En las fotos, ¿se ve un barco al fondo? Sí, es el portacontenedores británico Tollan y está boca abajo en medio del río Tajo, tras un accidente en la brumosa mañana del 16 de febrero de 1980, cuando colisionó con el carguero sueco Barranduna.
El trágico accidente, en el que murieron cuatro de los 16 tripulantes , fue causado por la densa niebla de aquella mañana lisboeta y la supuesta sobrecarga del Tollan, que sufrió una brecha en el casco y se hundió frente al Terreiro do Paço, donde permaneció casi cuatro largos años, hasta el 2 de diciembre de 1983.

De tragedia a atracción turística
Tras el naufragio, el casco del Tollan fue dado la vuelta y flotó a orillas del Tajo durante varios años, convirtiéndose rápidamente en una fuente de interés para los visitantes de la capital portuguesa.
Su fama fue tal que la palabra «tolan» (con una sola «l») entró rápidamente en la vida cotidiana y en el humor lisboeta, adquiriendo el significado de «varado», entre otros muchos usos en letras de canciones y chistes.
Por ejemplo, las cenas de solteros pasaron a llamarse «cenas Tollan», e incluso un restaurante dio su nombre al famoso portacontenedores, el Restaurante Tolan de la Rua dos Remédios (que aún existe) , en el típico barrio de Alfama.

El legado del Tollan a Lisboa
El Tollan estuvo varado en el Tajo durante casi cuatro años, con varios intentos de sacarlo sin éxito debido al tamaño del barco y al hecho de que no había recursos adecuados en Portugal para una operación de tal envergadura.

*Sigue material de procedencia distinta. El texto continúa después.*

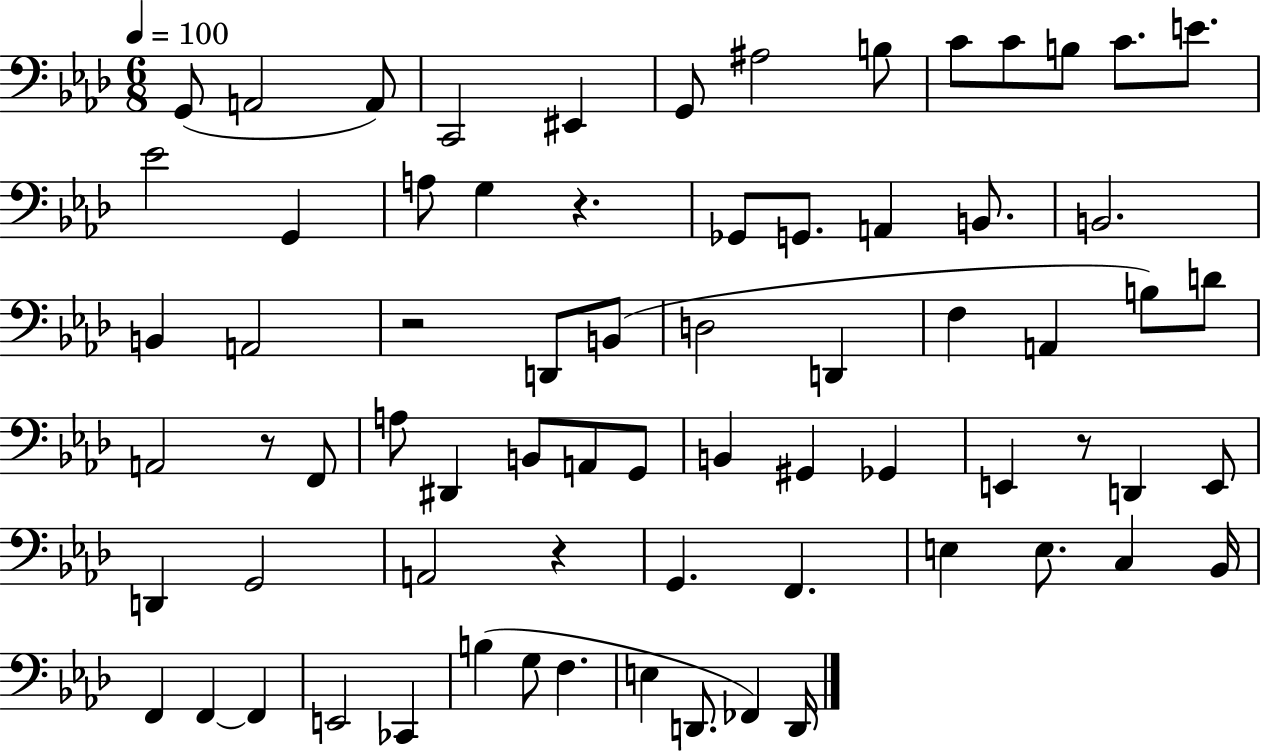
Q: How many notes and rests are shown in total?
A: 71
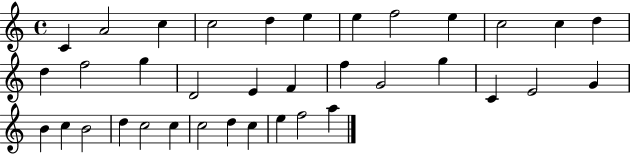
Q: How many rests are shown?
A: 0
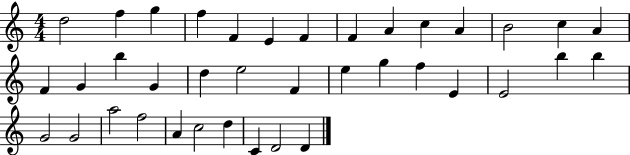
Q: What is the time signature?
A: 4/4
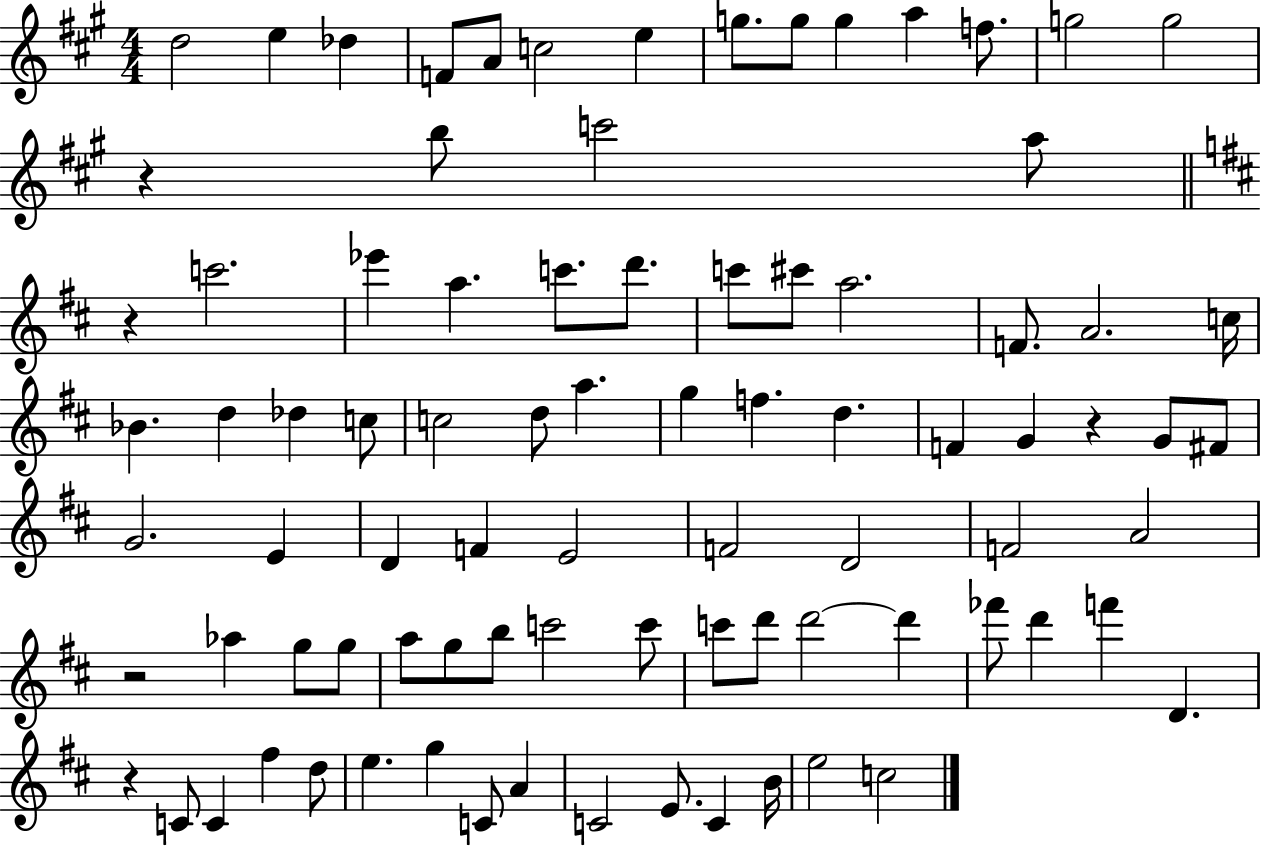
X:1
T:Untitled
M:4/4
L:1/4
K:A
d2 e _d F/2 A/2 c2 e g/2 g/2 g a f/2 g2 g2 z b/2 c'2 a/2 z c'2 _e' a c'/2 d'/2 c'/2 ^c'/2 a2 F/2 A2 c/4 _B d _d c/2 c2 d/2 a g f d F G z G/2 ^F/2 G2 E D F E2 F2 D2 F2 A2 z2 _a g/2 g/2 a/2 g/2 b/2 c'2 c'/2 c'/2 d'/2 d'2 d' _f'/2 d' f' D z C/2 C ^f d/2 e g C/2 A C2 E/2 C B/4 e2 c2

Auténtico fenómeno social en la Lisboa de los años ochenta, su presencia en nuestras aguas empezó a suponer un peligro para la navegación, con un accidente de un transbordador lisboeta el primer año.
Hubo que esperar hasta diciembre de 1983 para que una gran grúa flotante de una empresa alemana diera la vuelta al barco y lo remolcara hasta las orillas del Tajo (Poço do Bispo ) para ser desmantelado, despidiéndose así del hito fluvial original de la ciudad. Se dice que esta gigantesca operación logística costó casi un millón de dólares.
La historia de este naufragio en medio del río Tajo fue algo más que un «acontecimiento». Resultó ser un retrato de la vida en las grandes ciudades, donde la resistencia y el humor nacionales se convirtieron, en cierto modo, en una referencia cultural inolvidable.